But now, I embrace them all. It can range from expanding social circles (potential hot friends) to those that have the potential for sex. 

What turns me off in a woman? 
A woman that doesn't have confidence in her own abilities. 
A woman who drowns in their own self-pity.


----------



## Blazy (Oct 30, 2010)

My biggest turn-off in women: feminists. I fully respect their personal belief and what they stand for. But it is just not my choice of flavor. I am a guy who prefers to open doors for women, hold her close when I can tell she feels cold or scared, express my masculinity and she her femininity. If the woman I'm dating is being a total bitch about any of that, then I dump her on the spot for her and my sake.


----------



## BlackDog (Jan 6, 2012)

Wh1zkey said:


> My biggest turn-off in women: feminists. I fully respect their personal belief and what they stand for. But it is just not my choice of flavor. I am a guy who prefers to open doors for women, hold her close when I can tell she feels cold or scared, express my masculinity and she her femininity. If the woman I'm dating is being a total bitch about any of that, then I dump her on the spot for her and my sake.

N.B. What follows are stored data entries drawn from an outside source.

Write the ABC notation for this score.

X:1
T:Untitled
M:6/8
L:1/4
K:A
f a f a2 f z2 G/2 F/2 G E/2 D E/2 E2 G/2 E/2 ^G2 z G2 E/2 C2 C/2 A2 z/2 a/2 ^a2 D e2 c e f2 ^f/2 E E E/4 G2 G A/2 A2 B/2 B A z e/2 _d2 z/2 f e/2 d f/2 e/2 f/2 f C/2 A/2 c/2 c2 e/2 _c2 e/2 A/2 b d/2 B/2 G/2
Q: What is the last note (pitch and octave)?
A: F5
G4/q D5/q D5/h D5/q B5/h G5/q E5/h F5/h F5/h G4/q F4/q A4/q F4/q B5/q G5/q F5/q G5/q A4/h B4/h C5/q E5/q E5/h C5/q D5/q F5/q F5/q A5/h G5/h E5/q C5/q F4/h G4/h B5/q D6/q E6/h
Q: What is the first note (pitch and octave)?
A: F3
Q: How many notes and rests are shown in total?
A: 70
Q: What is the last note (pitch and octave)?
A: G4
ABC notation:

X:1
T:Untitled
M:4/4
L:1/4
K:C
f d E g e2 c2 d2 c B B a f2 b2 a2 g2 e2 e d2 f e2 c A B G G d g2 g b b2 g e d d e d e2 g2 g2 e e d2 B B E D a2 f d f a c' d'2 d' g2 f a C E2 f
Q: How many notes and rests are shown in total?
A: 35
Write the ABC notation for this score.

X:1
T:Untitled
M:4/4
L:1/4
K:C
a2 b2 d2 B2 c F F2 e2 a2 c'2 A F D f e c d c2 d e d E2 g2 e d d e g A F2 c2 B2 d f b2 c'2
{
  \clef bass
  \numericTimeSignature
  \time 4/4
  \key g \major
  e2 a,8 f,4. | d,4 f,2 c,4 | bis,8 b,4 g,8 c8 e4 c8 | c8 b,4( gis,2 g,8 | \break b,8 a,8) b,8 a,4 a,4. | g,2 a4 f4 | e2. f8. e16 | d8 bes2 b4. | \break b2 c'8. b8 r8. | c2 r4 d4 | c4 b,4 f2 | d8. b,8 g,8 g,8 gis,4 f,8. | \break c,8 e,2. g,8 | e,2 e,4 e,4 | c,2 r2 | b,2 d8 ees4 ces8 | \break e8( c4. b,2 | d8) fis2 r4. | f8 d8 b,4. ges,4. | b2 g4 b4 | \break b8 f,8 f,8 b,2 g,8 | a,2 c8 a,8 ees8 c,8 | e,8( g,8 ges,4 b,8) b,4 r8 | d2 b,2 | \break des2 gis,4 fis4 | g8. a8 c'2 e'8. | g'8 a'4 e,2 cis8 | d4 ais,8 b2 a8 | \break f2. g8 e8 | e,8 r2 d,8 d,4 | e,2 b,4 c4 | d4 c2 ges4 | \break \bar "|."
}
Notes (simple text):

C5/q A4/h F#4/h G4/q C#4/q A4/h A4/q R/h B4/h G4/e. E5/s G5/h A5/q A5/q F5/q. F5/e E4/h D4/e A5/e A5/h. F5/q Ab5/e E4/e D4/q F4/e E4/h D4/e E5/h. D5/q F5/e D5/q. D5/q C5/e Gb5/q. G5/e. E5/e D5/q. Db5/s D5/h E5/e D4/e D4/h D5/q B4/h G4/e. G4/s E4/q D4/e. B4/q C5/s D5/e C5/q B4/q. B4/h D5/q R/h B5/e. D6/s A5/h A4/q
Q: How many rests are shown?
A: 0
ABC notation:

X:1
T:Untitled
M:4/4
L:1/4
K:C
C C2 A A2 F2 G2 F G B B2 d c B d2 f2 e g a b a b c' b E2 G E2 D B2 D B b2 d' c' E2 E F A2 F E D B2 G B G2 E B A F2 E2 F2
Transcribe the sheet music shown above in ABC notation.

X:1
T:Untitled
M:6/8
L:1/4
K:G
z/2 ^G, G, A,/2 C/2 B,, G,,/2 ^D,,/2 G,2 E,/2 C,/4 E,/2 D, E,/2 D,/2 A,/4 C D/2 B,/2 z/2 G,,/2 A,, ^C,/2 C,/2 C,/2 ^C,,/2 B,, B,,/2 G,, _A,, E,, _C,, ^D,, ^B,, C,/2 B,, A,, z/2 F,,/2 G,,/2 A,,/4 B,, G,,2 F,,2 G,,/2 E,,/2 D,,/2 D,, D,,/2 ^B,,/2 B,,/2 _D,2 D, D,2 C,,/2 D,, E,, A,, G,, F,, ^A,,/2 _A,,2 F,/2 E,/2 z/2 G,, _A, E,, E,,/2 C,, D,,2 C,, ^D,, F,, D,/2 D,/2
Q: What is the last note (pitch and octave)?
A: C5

I think that is less feminism and more her personality. I am feminist and I enjoy when men, or anyone, does nice things for me. 

I think hating feminism would mean not dating a girl because she owns a car or votes. Or thinks she has the right to get an education, and have a job. 

Be careful about that... You might pass up a real nice girl one day who would love for you to hold her and open doors, just because she made the mistake of saying she is a feminist!

(I respect your opinion BTW. I just think a lot of people lately misunderstand what some of these ideologies are supposed to mean in a real world context.)


----------



## Blazy (Oct 30, 2010)

BlackDog said:


> I think that is less feminism an:tongue:d more her personality. I am feminist and I enjoy when men, or anyone, does nice things for me.
> 
> I think hating feminism would mean not dating a girl because she owns a car or votes. Or thinks she has the right to get an education, and have a job.
> 
> ...


Honestly I'm glad you pointed this out because I admittedly have no working knowledge about feminism. Sorry if I offended you or anyone who holds feminism closely to them as I was speaking purely from experience. I'll be more open next time.


----------



## Aenye (Jul 13, 2013)

DiamondDays said:


> Women who think that just because they were neurotic enough to force themselves to get good grades they are hot shit.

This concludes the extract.